In giving 60 Minutes correspondent Kroft a reason the media should believe him now, Minkow said that as an ex-con, he has no margin for error.

"One report is wrong, I'm done," he said. "And, when you're Barry Minkow and you say something is a fraud, get law enforcement involved, blow the whistle, and you're wrong, it's over. Over.

"It's called one and done."

For two years in the 1980s, Minkow managed to get away with his lies despite mounting evidence that he was a fraud. Today, if you look at the record over the last two years, you will see ample evidence that he is untrustworthy once again — and once again you will find the news media turning a blind eye.

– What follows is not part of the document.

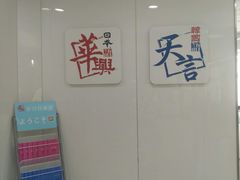 -华兴日语学校(总校)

The first indication came when he correctly revealed that Herbalife's president had inflated his résumé. The company's stock dropped after Minkow's disclosure, and he made $50,000 by shorting the stock, according to the San Diego Reader.

But Minkow didn't stop there. He went on to allege that the company's products violated laws on testing and labeling, a claim that also drove down the stock. The company fought back on those accusations and in August 2008, Herbalife issued a press release saying that Minkow had retracted them.

Although Minkow told the Weekly last week that he disagreed with the press release, it was issued on behalf of both Minkow's FDI and Herbalife, and remains on the company's website today.

The settlement with Herbalife's products could have served as his "one and done" in the media's eyes. But it didn't.

Five months after that settlement, in January 2009, Minkow leveled charges against one of the nation's largest home builders, Lennar Corp., which is headquartered in Miami and has many projects under way in California.

Lennar's stock lost more than 20 percent of its value — nearly $500 million — during the two trading days immediately after Minkow and his Fraud Discovery Institute made serious allegations about the company and its top executives.